No longer in the cellar are we the dweller. With last night’s 4-2 victory, the L.A. Kings are in 29th place in goals per game. That’s right kids. We now average 2.12 in the G/G stat. The Minnesota Wild take the position of shame with 2.11.

The Kings have also scored 4 goals in three out of the last four games (Blackhawks, Wild and Sucks) and the powerplay is 4 for 11 in that time span. If you ask me, the powerplay is the main reason we are winning these games – it gives us the momentum and helps us keep it. Of course, the credit should go to one man who we have talked about around these parts. That’s right. Bernie Nicholls. Our reader JT just cursed under his breath.

I talked to a friend last night about the Kings inability to keep shots low. It’s maddening. The shots fly chest high and above regardless of from where we take it. I counted eight consecutive shots that we sent high and wide against Anaheim. Eight. And half of them were damn good scoring chances. Throughout the season, Kopitar, Doughty, Stoll and Brown have been the biggest culprits, in that order. God bless Slava Voynov, Alec Martinez and, our newly acquired sniper, Jeff Carter.

This isn’t a novel concept. You learn this very early on. If you don’t keep the shot below the goalie’s knees, you don’t get rebounds. If you don’t get rebounds, you don’t get second chances. If you don’t get second chances, you score less goals. I know butterfly goaltenders make it more difficult to score down low but when you look at the best shooters in the league, they “snipe” and pick corners when they have clear openings but they do not do so when the premise is to get the shot on net and create a rebound.

The drill to address this issue is not a difficult one. You take the net and push it over so the top of the net (where the water bottle sits) faces the shooter. That height is about as high as you want the low shots to go. You set up and space out twenty or more pucks from circle to circle. You can place the pucks closer or further away (dot to dot or just below the blue line) depending on whether the defenseman or a forward takes the shots.

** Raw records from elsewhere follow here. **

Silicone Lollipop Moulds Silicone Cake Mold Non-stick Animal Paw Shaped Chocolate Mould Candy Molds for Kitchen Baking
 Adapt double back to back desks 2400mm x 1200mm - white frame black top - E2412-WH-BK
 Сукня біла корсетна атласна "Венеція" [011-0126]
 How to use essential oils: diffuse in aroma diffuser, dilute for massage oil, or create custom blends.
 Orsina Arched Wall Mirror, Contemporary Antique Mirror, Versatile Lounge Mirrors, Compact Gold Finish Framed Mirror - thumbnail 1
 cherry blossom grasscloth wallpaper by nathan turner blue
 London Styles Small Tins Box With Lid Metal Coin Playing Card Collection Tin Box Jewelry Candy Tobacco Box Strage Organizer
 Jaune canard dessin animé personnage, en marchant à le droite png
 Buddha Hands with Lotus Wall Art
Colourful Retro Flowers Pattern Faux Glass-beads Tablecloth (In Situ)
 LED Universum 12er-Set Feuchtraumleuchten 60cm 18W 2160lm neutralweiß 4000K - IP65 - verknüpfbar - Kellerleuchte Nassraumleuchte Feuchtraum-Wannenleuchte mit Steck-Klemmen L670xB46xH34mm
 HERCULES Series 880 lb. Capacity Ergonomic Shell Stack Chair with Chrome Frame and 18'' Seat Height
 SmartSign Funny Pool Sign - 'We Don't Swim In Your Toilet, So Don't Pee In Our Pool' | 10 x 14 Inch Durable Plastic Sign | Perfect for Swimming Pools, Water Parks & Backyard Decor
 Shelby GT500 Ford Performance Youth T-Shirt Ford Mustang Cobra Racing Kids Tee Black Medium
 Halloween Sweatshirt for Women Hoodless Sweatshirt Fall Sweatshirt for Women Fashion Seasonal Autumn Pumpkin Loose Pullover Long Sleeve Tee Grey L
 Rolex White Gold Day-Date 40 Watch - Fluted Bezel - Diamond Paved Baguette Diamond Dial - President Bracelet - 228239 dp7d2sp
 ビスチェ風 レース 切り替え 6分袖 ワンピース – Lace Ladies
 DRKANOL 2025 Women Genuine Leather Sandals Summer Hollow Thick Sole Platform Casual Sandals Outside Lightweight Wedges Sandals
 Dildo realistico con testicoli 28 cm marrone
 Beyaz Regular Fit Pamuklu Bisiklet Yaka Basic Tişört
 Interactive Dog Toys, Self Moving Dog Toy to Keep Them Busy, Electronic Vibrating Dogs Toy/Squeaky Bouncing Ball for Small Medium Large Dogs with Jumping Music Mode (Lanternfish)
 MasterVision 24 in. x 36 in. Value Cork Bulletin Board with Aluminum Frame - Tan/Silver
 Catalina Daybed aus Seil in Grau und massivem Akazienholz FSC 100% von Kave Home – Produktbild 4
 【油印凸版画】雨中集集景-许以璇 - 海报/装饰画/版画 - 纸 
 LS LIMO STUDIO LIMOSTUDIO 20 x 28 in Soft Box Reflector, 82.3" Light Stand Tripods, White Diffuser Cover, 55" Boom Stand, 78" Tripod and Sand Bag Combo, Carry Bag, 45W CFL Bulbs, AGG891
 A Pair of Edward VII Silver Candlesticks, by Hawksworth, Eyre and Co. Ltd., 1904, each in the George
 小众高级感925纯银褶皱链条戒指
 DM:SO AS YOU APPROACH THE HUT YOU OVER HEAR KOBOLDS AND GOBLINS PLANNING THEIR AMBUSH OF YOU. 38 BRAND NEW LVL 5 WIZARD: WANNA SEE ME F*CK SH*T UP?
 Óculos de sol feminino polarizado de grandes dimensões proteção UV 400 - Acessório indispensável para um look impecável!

You then set up on one end and take wrist or slap shots into the top of the net while you work your way across without stopping.

You miss the top of the net and you start over with 20 pucks.


Start over.

Until your damn arms fall off or you learn to keep the shots low.

If I ran this drill, a couple of L.A. Kings players wouldn’t be able to lift their arms over their shoulders after practice until they got it. I am looking at you, Anze.